Para mim, o ano já começou há tempos. Acho que só o calendário popular não notou...

Beijo!

Anônimo disse...

Eu adoro as suas arlequinadas, Fabrício.

Todas as que vejo aqui. Se bem que as pierrozadas também dão seus passinhos e de colombinadas vivo eu a entreter.

Beijos, sem a máscara!

Fabrício César Franco disse...

Van,

Obrigado, caríssima. Mas as arlequinadas são trapalhadas por demais: não há como adorá-las.

Beijo, com carinho!

Raquel Sales disse...

Fabrício,

Se me permite mais um palpite... Às vezes não sei o que é mais aprazível: ler os seus textos (sempre inspiradores) ou os comentários dos seus leitores.

São pitadas de sabor no meu dia atarefado(por vezes insípido, inodoro e incolor)...
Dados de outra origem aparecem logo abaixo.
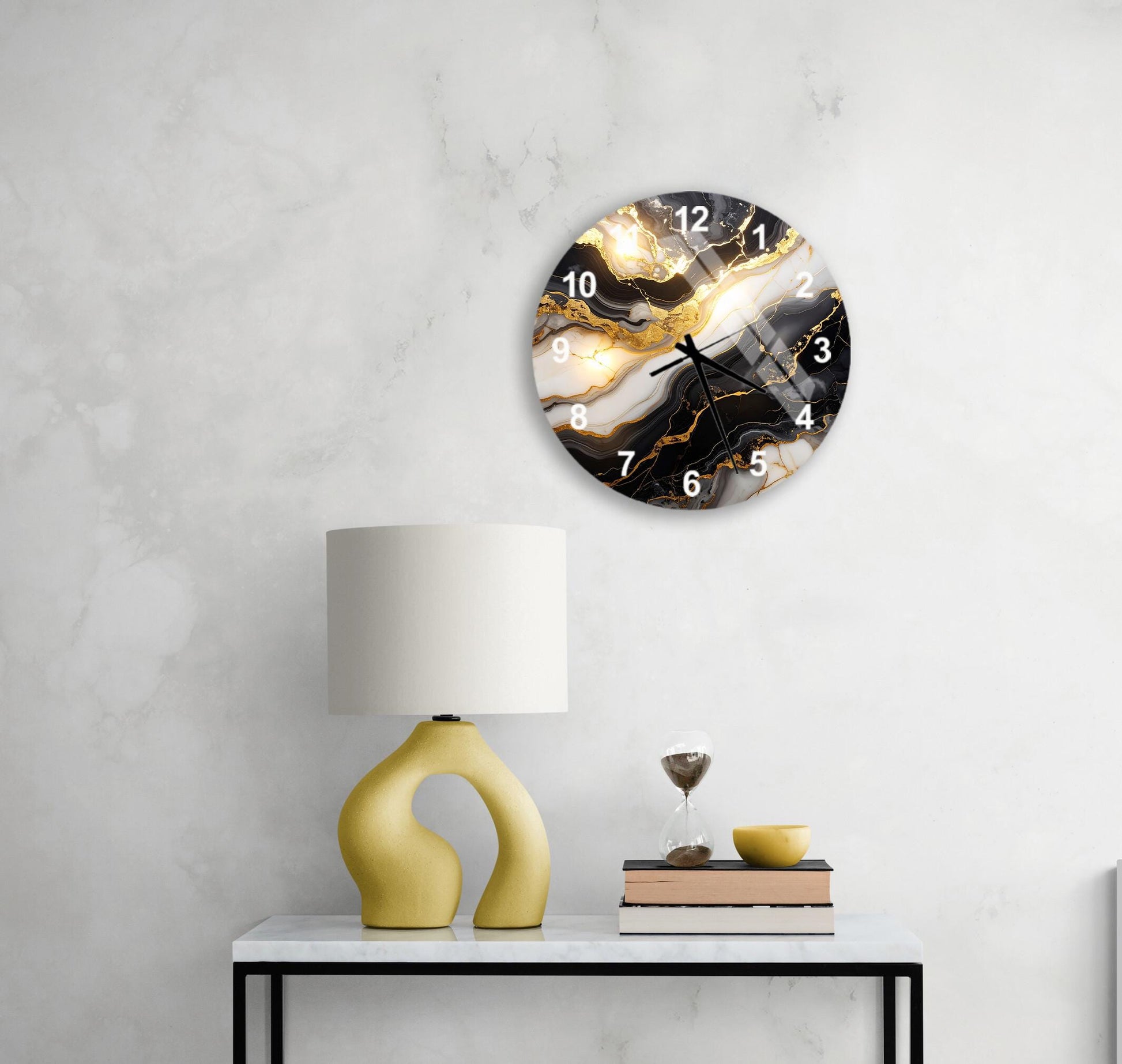 a modern living room with a white marble wall, a round clock with a marble design, a yellow lamp with a unique curved base, a stack of books, and a glass of wine on a white table.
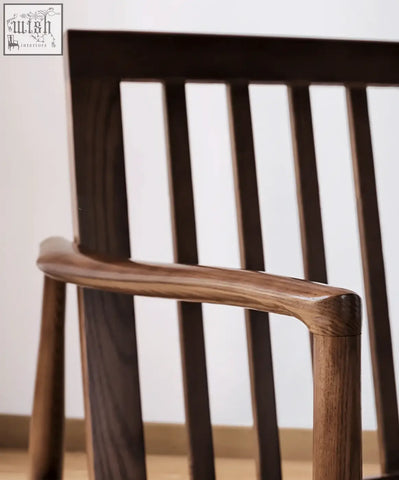 Dark brown wooden classic c02 armchair with slatted back and curved armrest featuring green leather seat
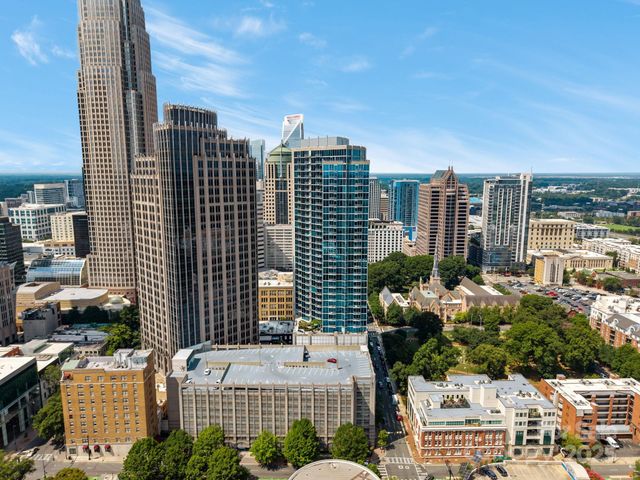 a view of city with tall buildings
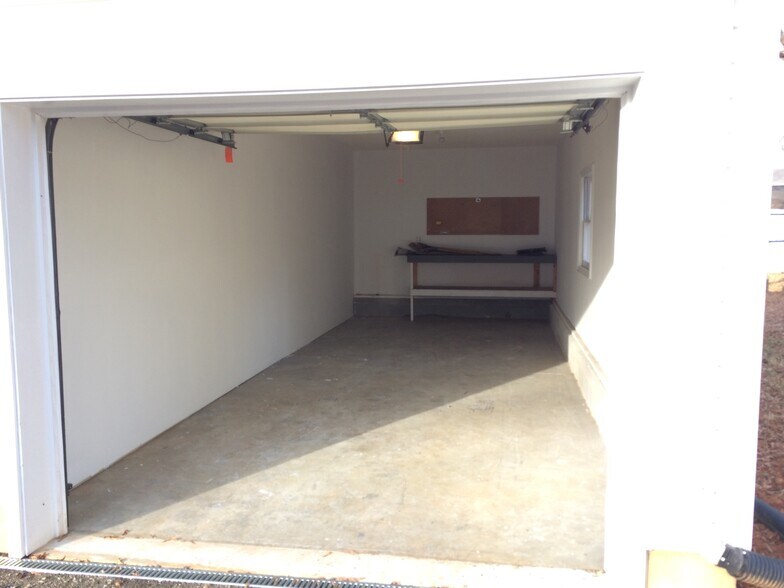 Private 1.5 car garage with work bench and electric garage door opener - 361 W Wilson Ave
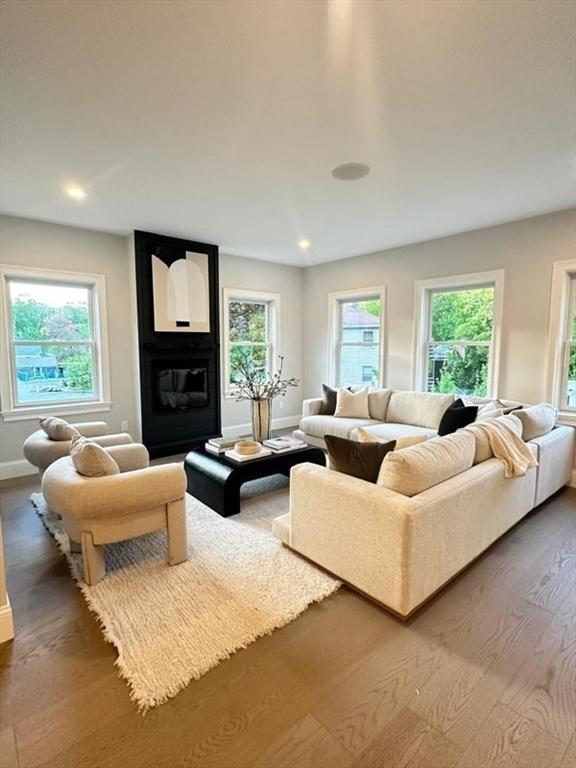 67 Pine St Unit 2, Dedham, MA 02026 - living room with wood finished floors, baseboards, and recessed lighting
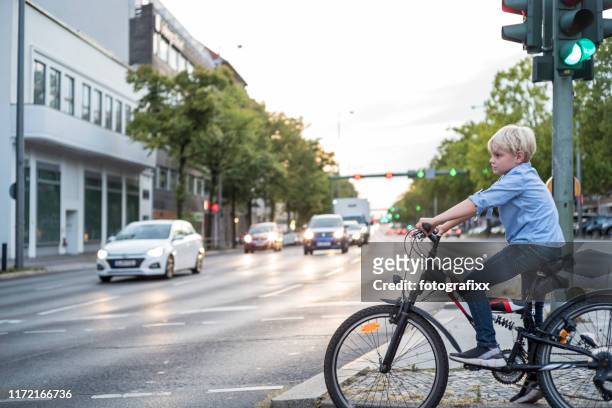 boy with bicycle is waiting at the traffic light of a big road - traffic crossing stock pictures, royalty-free photos & images
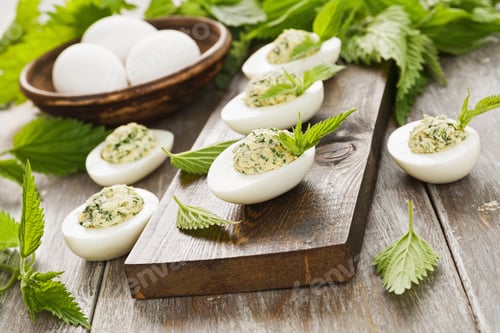 Preview: Boiled Eggs Stuffed With Nettles On The Table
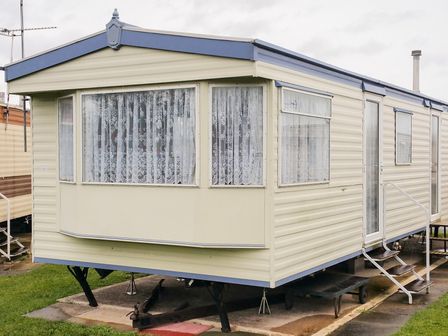 A caravan with windows and a door at Number 186 Owens caravan park Abergele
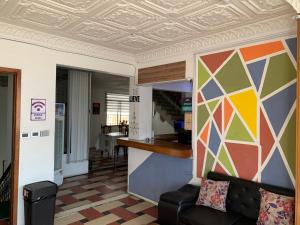 TV a/nebo společenská místnost v ubytování Hostal El Naufrago 2 + 12 fotografií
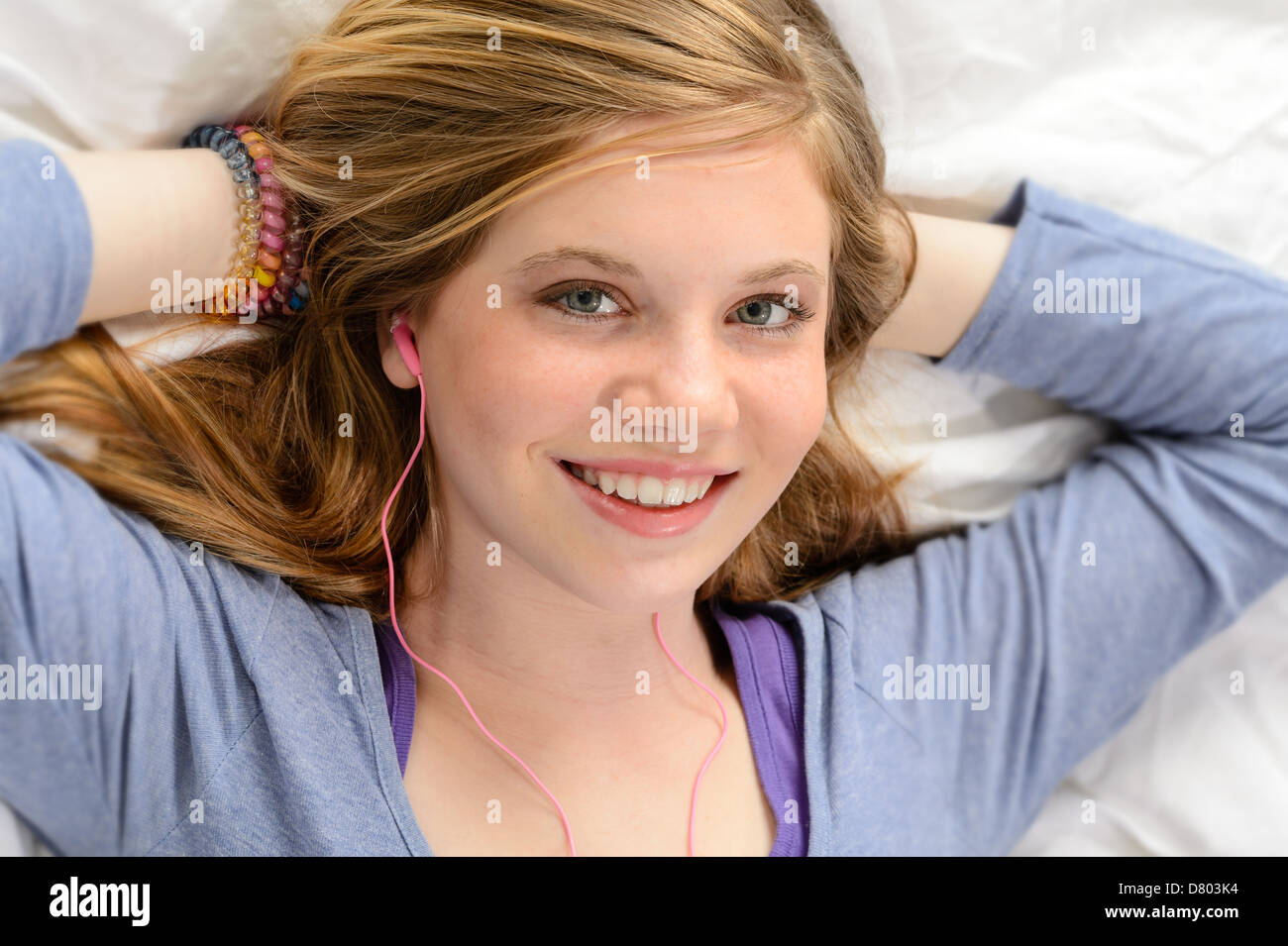 Portrait of relaxing lying young girl listening to music Stock Photo ...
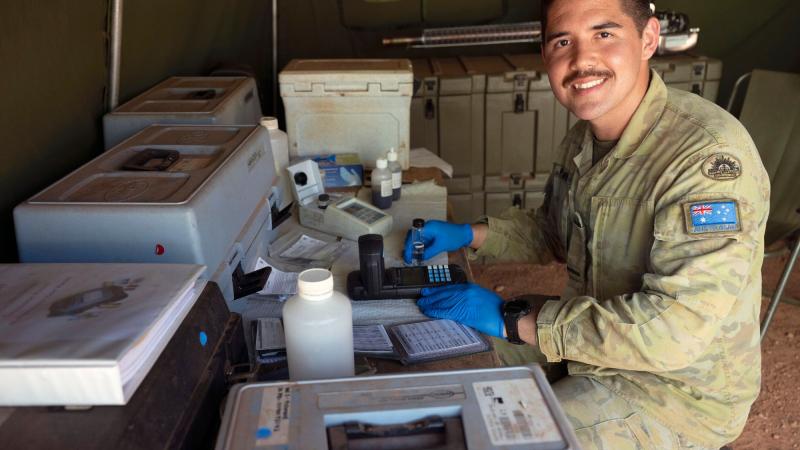 Private Adrian Fleming completes a daily field test of the purified water at Camp Birt during the Army Aboriginal Community Assistance Program in Gapuwiyak, Northern Territory. Photo: Warrant Officer Class Two Kim Allen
Poeta e leitores, até mais...

Fabrício César Franco disse...

Raquel,

Eis a razão de eu sempre pedir, querer comentários. Porque é nesse espaço que podemos trocar ideias, re-interpretar o escrito, colaborar com a poesia; pois acredito que a poesia é, sempre, uma criação conjunta.

Venha sempre, comente! Assim, construímos sentido!